WHAT YOU HAVE TO DO: Can you write out every line from the start of the records below through the line containing "Young boy in", leaving out any pictures?

PROVIDED DATA:

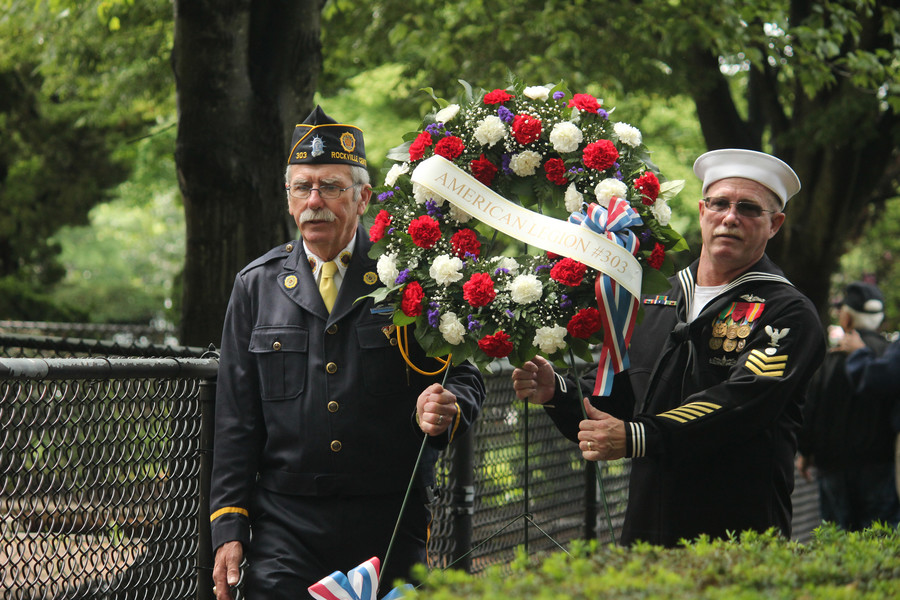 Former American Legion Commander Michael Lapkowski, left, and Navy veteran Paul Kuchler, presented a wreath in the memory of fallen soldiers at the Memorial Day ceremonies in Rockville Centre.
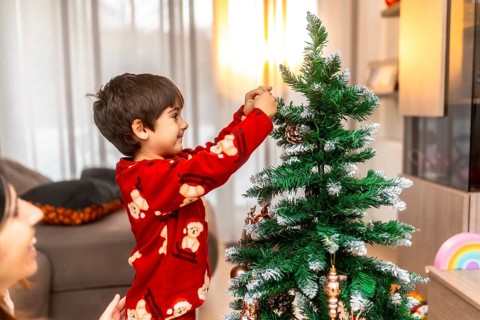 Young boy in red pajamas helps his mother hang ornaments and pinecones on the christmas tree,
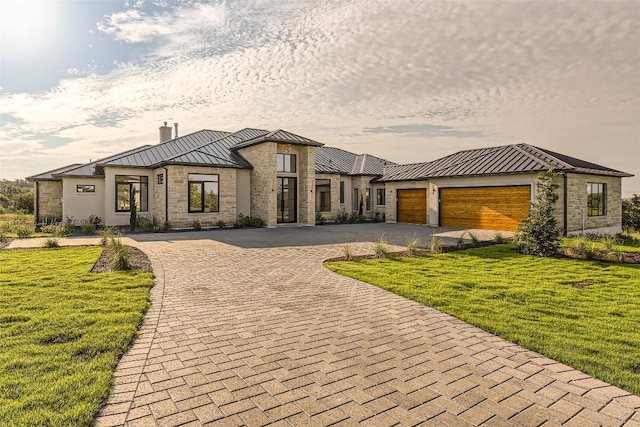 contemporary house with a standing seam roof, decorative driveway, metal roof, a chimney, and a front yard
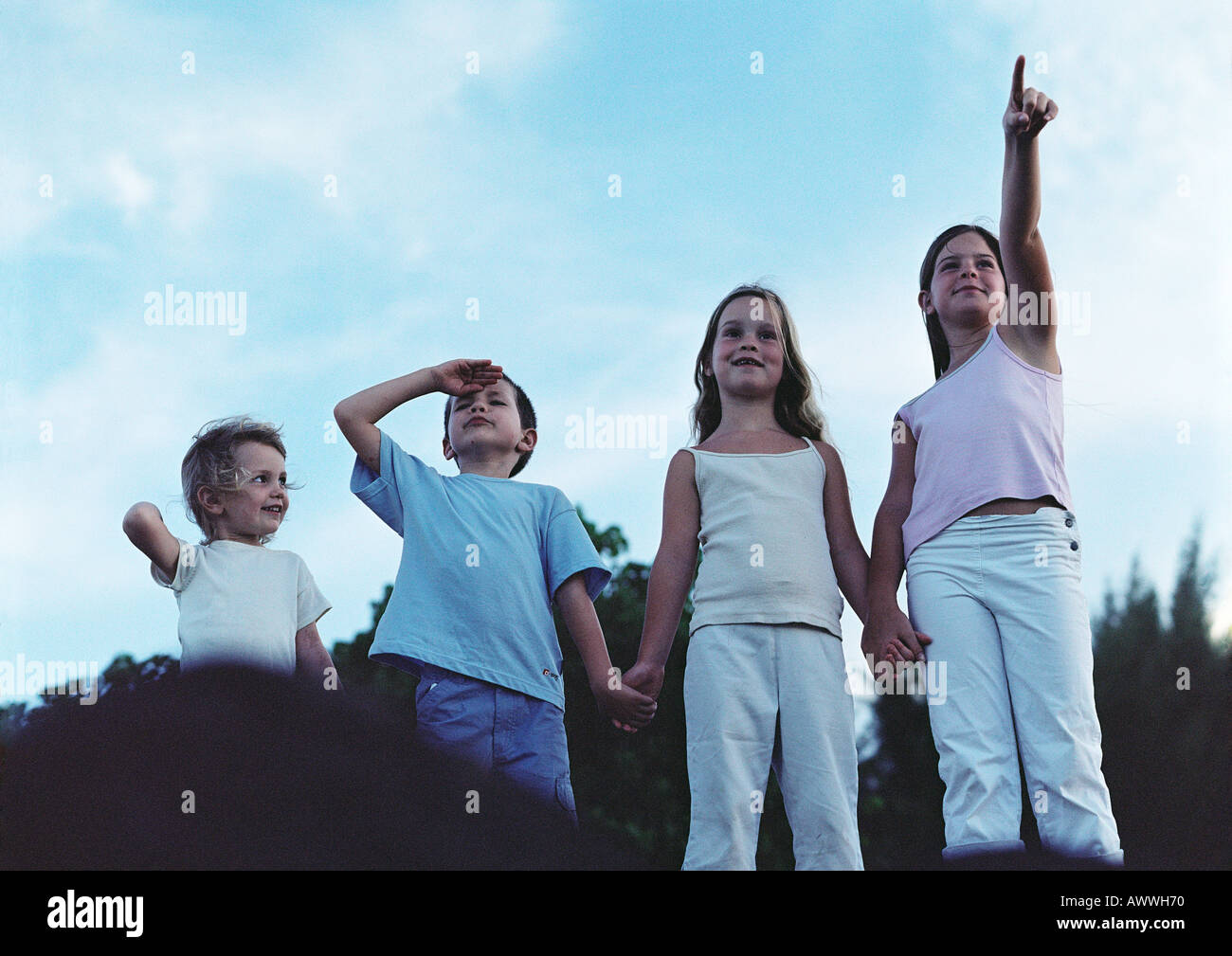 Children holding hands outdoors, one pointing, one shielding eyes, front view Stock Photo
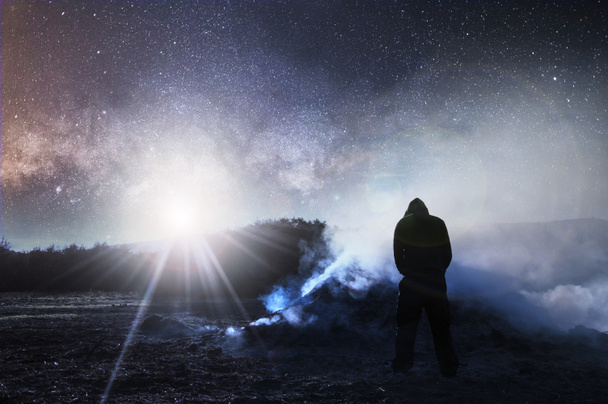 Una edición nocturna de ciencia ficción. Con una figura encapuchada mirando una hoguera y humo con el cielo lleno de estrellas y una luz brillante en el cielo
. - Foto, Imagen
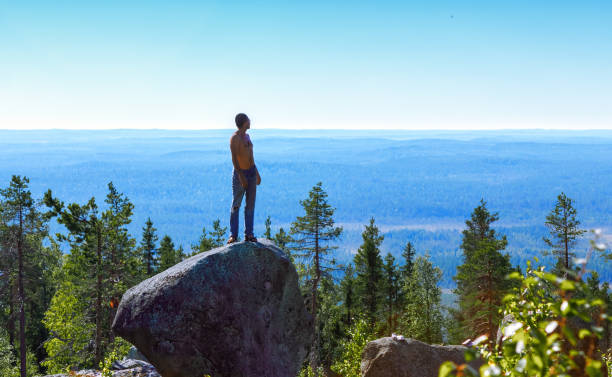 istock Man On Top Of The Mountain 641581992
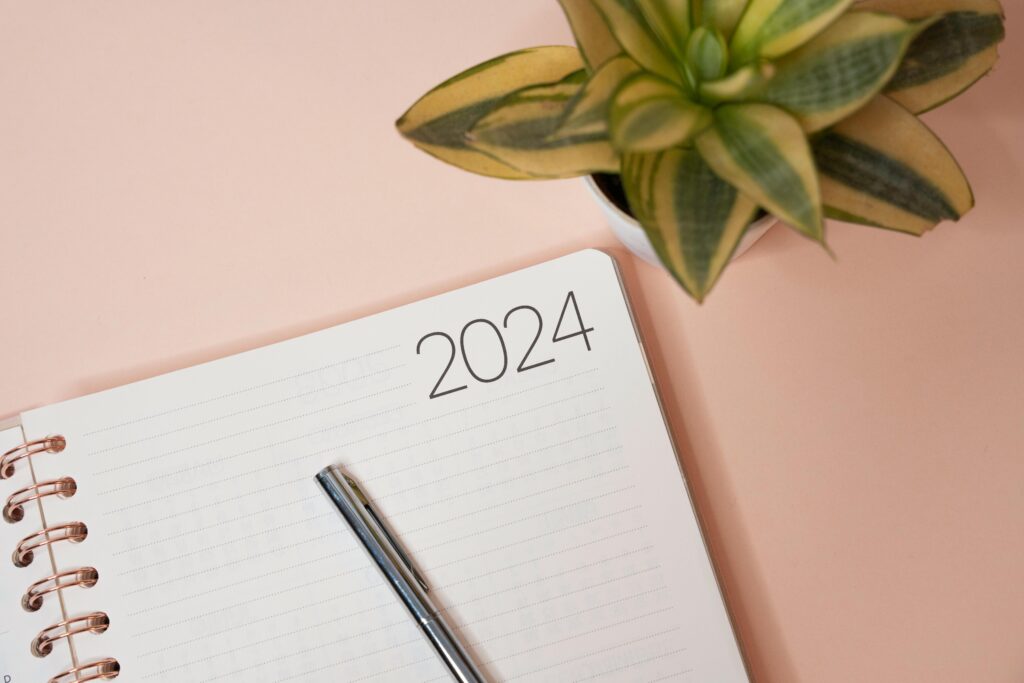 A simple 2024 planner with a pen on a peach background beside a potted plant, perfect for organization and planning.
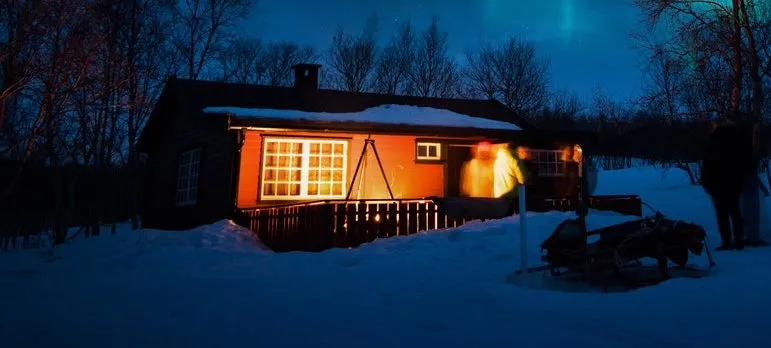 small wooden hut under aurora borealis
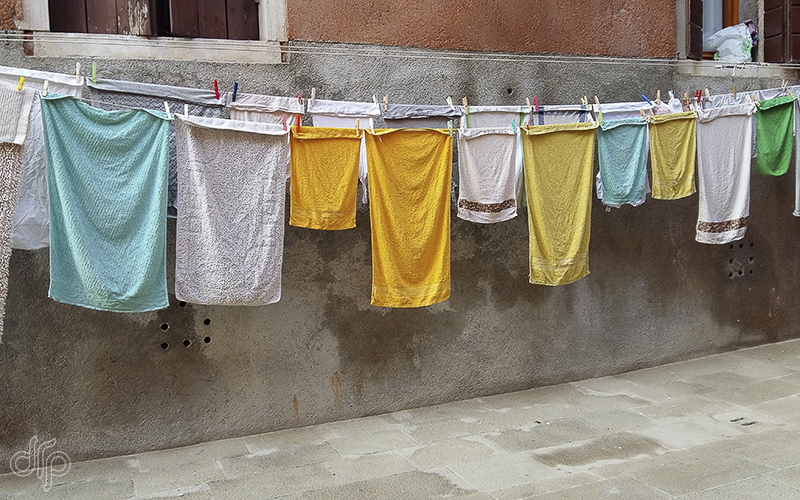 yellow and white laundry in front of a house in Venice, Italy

WORKED SOLUTION:
 Former American Legion Commander Michael Lapkowski, left, and Navy veteran Paul Kuchler, presented a wreath in the memory of fallen soldiers at the Memorial Day ceremonies in Rockville Centre.
 Young boy in red pajamas helps his mother hang ornaments and pinecones on the christmas tree,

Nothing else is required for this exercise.